Hi friends i need some help. I have Yamaha av receiver which model no is Rx v795a . Now problem is that as soon as put it on {pressing standby switch} it quickly shut down after long time to spend on service mode i found that it gone protection mode message that show is ''dc pr. 17%". And now i don't know how solve it because it is shutdown within 2 sec. So CAN anybody help me out its a great pleasure thanks waiting for favorable response


----------



## tonyvdb (Sep 5, 2007)

First thing to do is disconect all the speakers wires from the back of the receiver and try to power it on. if the receiver still goes into protect mode then at least you know that the problem is within the receiver its self. I would then turn the entire unit on its side and take some air in a can or compressed air of some sort and blow out all the dust possibly something forren fell inside causing a short.


----------



## hearingspecialist (Mar 15, 2010)

Yep, i'd say the same as Tony, disconnect from the back of your receiver and start from there.


----------



## drdoan (Aug 30, 2006)

Welcome to the Forum. Good advise so far. Have fun. Dennis


----------



## Tonto (Jun 30, 2007)

Hey, I have that same receiver X 10 years (great product), called Yamaha, they don't give error code information but they did refer me to a service provider in California.
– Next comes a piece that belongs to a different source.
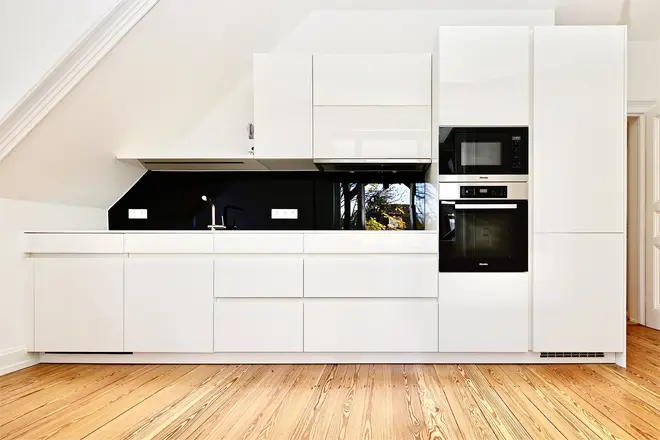 5 Zimmer Wohnung mit 195 m² in Wiesbaden – Bild 1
Called them & they are @ lunch. They are going to call me back when they return. Left them the error code so hopefully they can offer some insight to the problem. Yamaha said to unhook everything as everyone has suggested & see if it powers up. Let us know if that helps so I can let the service guy know.


----------



## Jungle Jack (Jul 28, 2009)

Hello,
I am guessing that the AVR is going to need Repair. Hopefully, it will nor be cost prohibitive. Welcome to HTS.
Cheers,
JJ


----------



## krishnamayekar (Apr 26, 2011)

Thanks guys for yr valuable suggestion . Actually I already done that all things . I am little bit tired because it not given me any chance to get clue meaning it quickly goes shutdown. components basically all power transistors showing OK. There is one power relay switching transistor became hot and it shutdown entire set. Also main voltages are appearing for time being. so now can anybody suggest me to from where i start again. because may be i doing some wrong things . Hope so somebody help me:wave:


----------



## Jungle Jack (Jul 28, 2009)

Hello,
I really think that you need to take it to a Repair Shop at this point. Or if not that, there are many nice AVR's available for under 300 Dollars if you look at the right places.
Cheers,
JJ


----------